# Algorithmic information theory

The branch of mathematical logic which gives a more exact formulation of the basic concepts of the theory of information, based on the concepts of an algorithm and a computable function. Algorithmic information theory attempts to give a base to these concepts without recourse to probability theory, so that the concepts of entropy and quantity of information might be applicable to individual objects. It also gives rise to its own problems, which are related to the study of the entropy of specific individual objects.

The key concept of algorithmic information theory is that of the entropy of an individual object, also called the (Kolmogorov) complexity of the object. The intuitive meaning of this concept is the minimum amount of information needed to reconstruct a given object. An exact definition of the concept of complexity of an individual object, and (on the basis of this concept) of the concept of the quantity of information in an individual object $y$ relative to an individual object $x$, was given by A.N. Kolmogorov in 1962–1965, after which the development of algorithmic information theory began.

Without loss of generality, only binary words (linear strings of 0's and 1's) are considered. The complexity of a word $x$ is understood to mean the length $l(p)$ of the shortest binary word $p$ which contains all the information required to reconstruct $x$ with the aid of some definite decoding procedure. A precise definition of this concept follows.
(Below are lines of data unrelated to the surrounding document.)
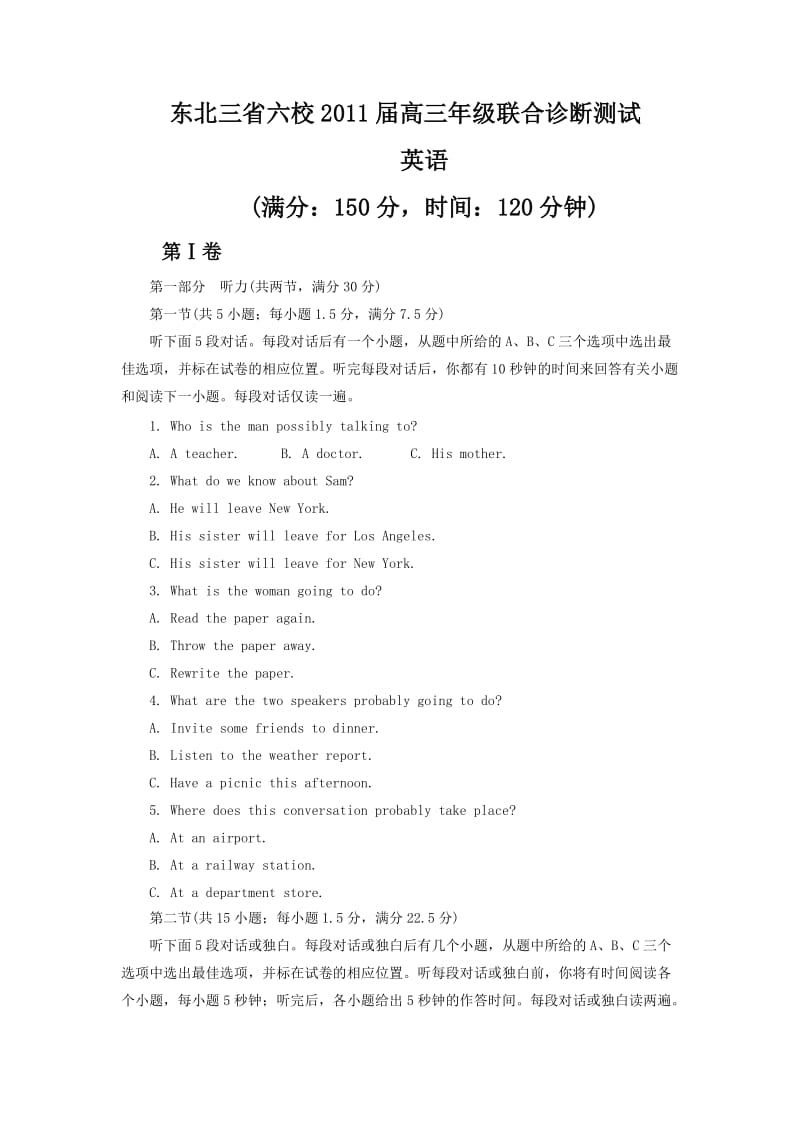 东北三省六校2011届高三年级联合诊断测试(英语)含答案解析.doc_第1页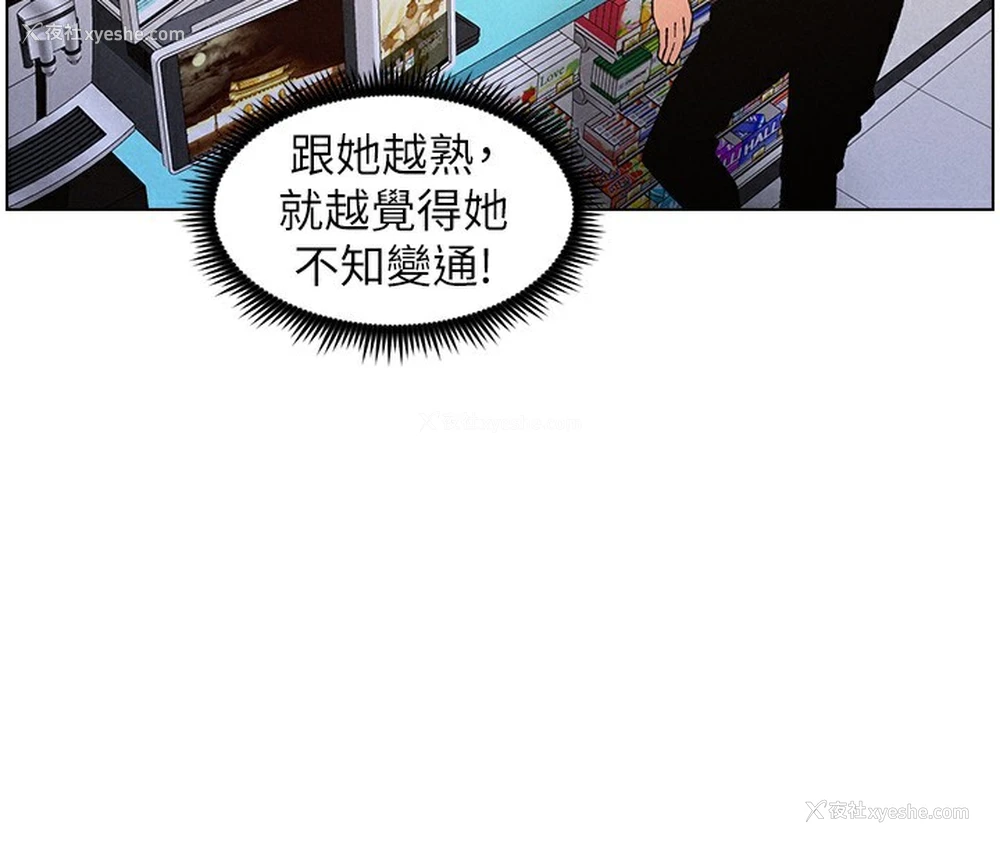 56P - 兄妹的秘密授课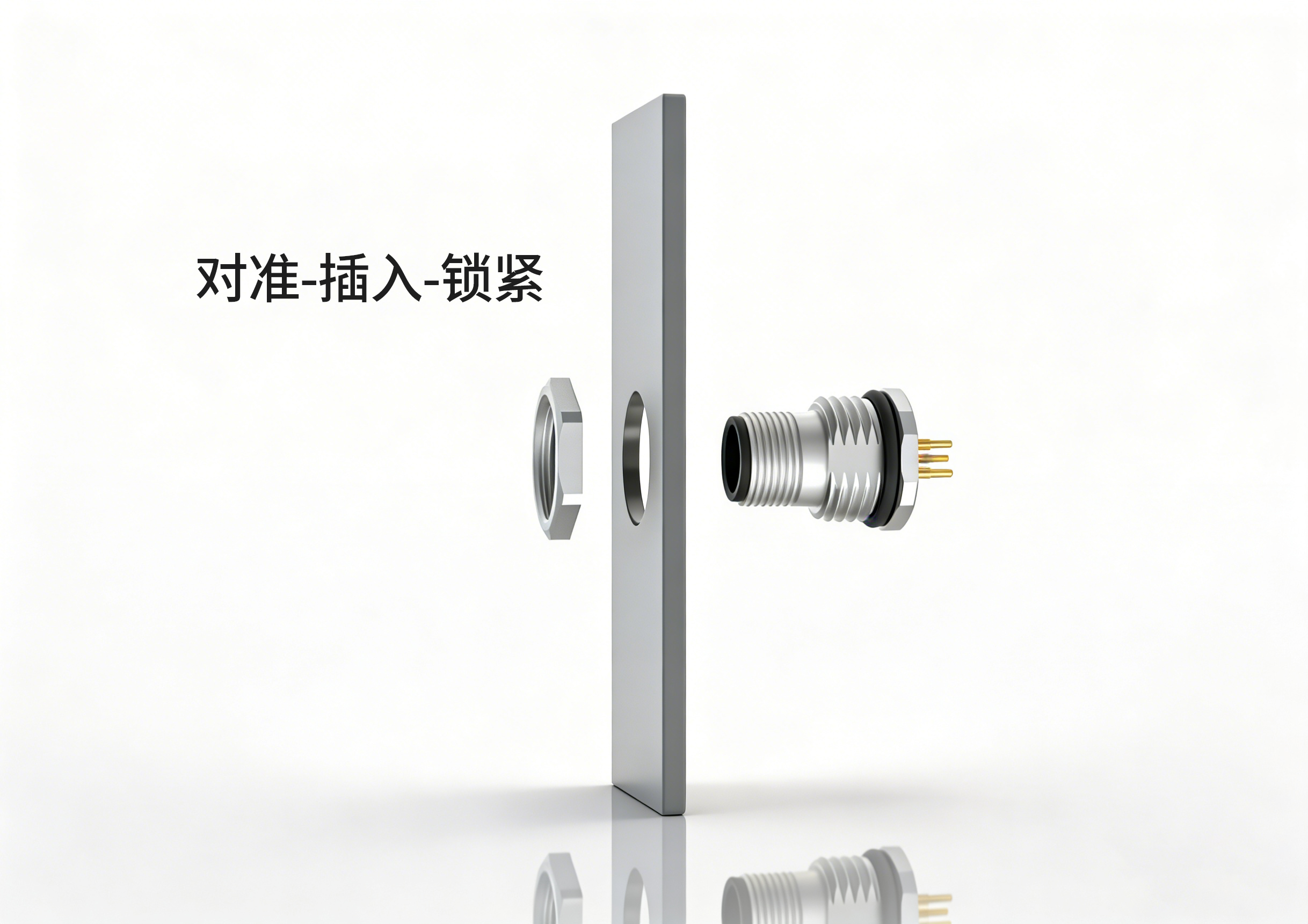 奥普斯康M12连接器公母头安装实操示意图，展示对准、插入、锁紧核心步骤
Let $F(s)$ be an arbitrary universal partial recursive function. Then the complexity of the word $x$ with respect to $F$ will be

$$K _ {F} ( x ) = \ \left \{ \begin{array}{ll} \mathop{\rm min} l ( p ) & \textrm{ if } F ( p ) = x , \\ \infty &\ \textrm{ if } \textrm{ there } \textrm{ is } \textrm{ no } p \ \textrm{ such } \textrm{ that } F(p) = x. \\ \end{array} \right .$$

The word $p$ such that $F(p) = x$ is known as the code, or the program, by which $F$ reconstructs the word $x$. The following theorem is valid: There exists a partial recursive function $F _ {0}$( an optimal function), such that for any partial recursive function $F$ the following inequality holds:

$$K _ {F _ {0} } ( x ) \leq K _ {F} ( x ) + C _ {F} ,$$

where $C _ {F}$ is a constant which is independent of $x$. This theorem yields an invariant (up to an additive constant) definition of complexity: The complexity $K(x)$ of the word $x$ is the complexity $K _ {F _ {0} } (x)$ with respect to some partial recursive function $F _ {0}$, which has been fixed once and for all. Clearly, $K (x) \leq l(x) + C$, where $C$ is a constant independent of $x$.

Using $K(x)$ one may also determine the complexity $K(x, y)$ of pairs of words $( x, y )$; to do this, the pairs $(x, y)$ are effectively coded as one word $c (x, y)$, and the complexity $K(x, y)$ is understood to mean $K (c (x, y))$.

P. Martin-Löf studied the behaviour of the complexity of the initial segments of infinite binary sequences. Let $\omega _ {n}$ denote the initial segment of a sequence $\omega$, consisting of the $n$ initial characters. Then almost all (according to the Lebesgue measure) infinite binary sequences $\omega$ have the following properties: a) for infinitely many natural numbers $n$ the inequality $K ( \omega _ {n} ) \geq n - c$, where $c$ is some constant, is valid; and b) for all natural numbers $n$ larger than some value $n _ \epsilon$, $K ( \omega _ {n} ) \geq n - (1 + \epsilon ) \mathop{\rm log} _ {2} n$, where $\epsilon$ is an arbitrary positive number (the Martin-Löf theorem). Conversely, for any sequence $\omega$ there exist infinitely many $n$ such that $K ( \omega _ {n} ) \leq n - \mathop{\rm log} _ {2} n$.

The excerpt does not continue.